Start of Block
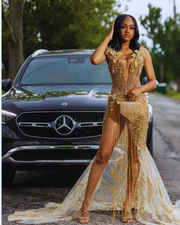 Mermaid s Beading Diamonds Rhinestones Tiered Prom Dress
End of Block
Start of Block
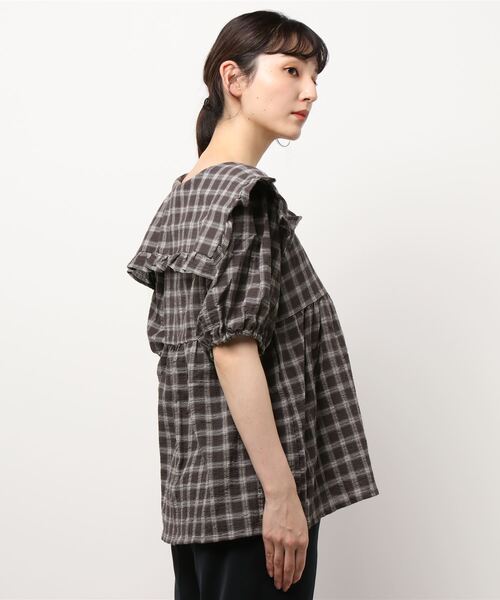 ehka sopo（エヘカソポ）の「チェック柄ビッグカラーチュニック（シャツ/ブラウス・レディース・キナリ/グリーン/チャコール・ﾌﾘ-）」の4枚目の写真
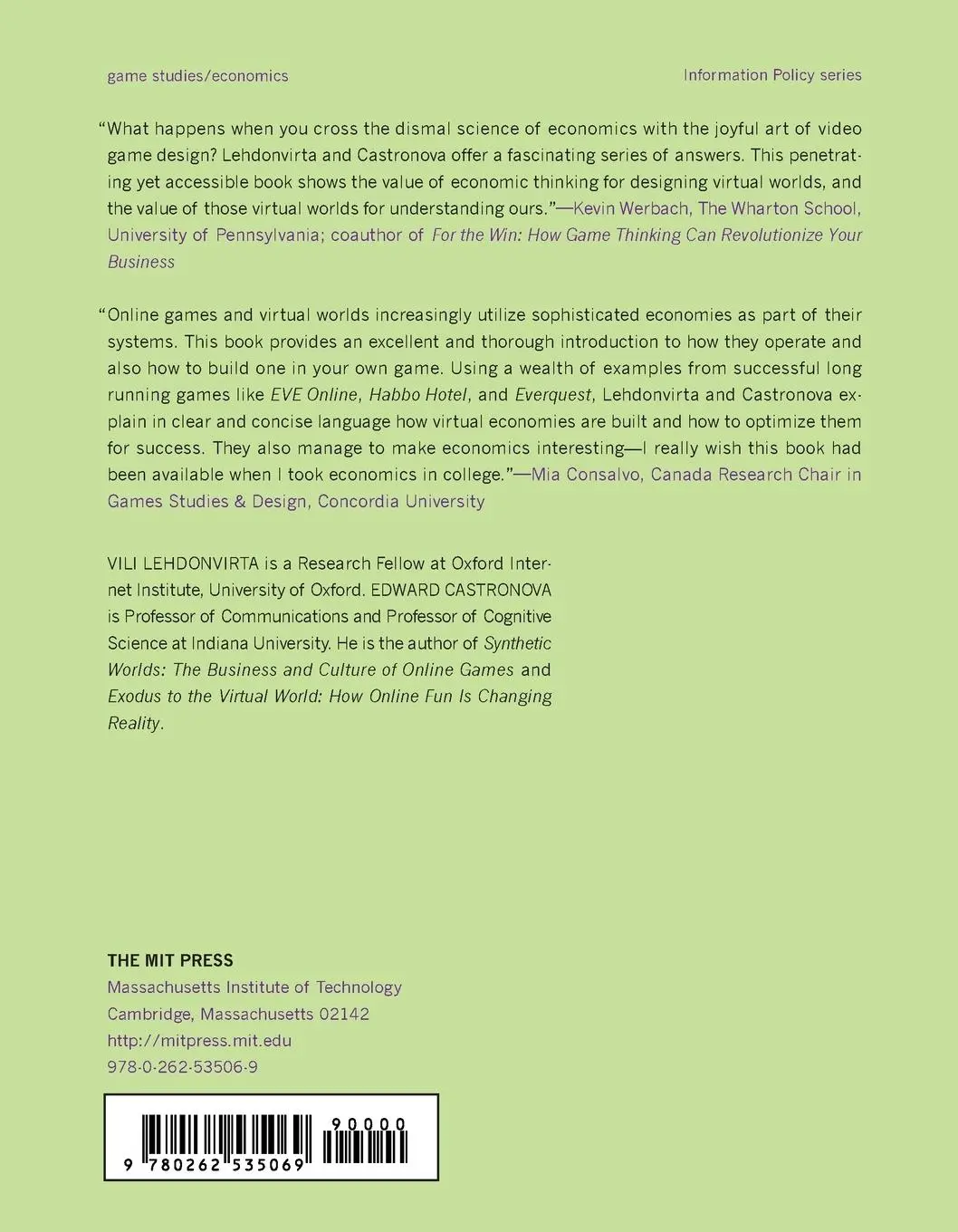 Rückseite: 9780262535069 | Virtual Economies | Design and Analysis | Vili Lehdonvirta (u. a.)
End of Block
* WORK REQUEST:
No picture is to be printed. Output exactly the lines above from the line containing "ehka sopo（エヘカソ" through the line containing "Rückseite: 9780262535069 |".

* SOLUTION:
 ehka sopo（エヘカソポ）の「チェック柄ビッグカラーチュニック（シャツ/ブラウス・レディース・キナリ/グリーン/チャコール・ﾌﾘ-）」の4枚目の写真
 Rückseite: 9780262535069 | Virtual Economies | Design and Analysis | Vili Lehdonvirta (u. a.)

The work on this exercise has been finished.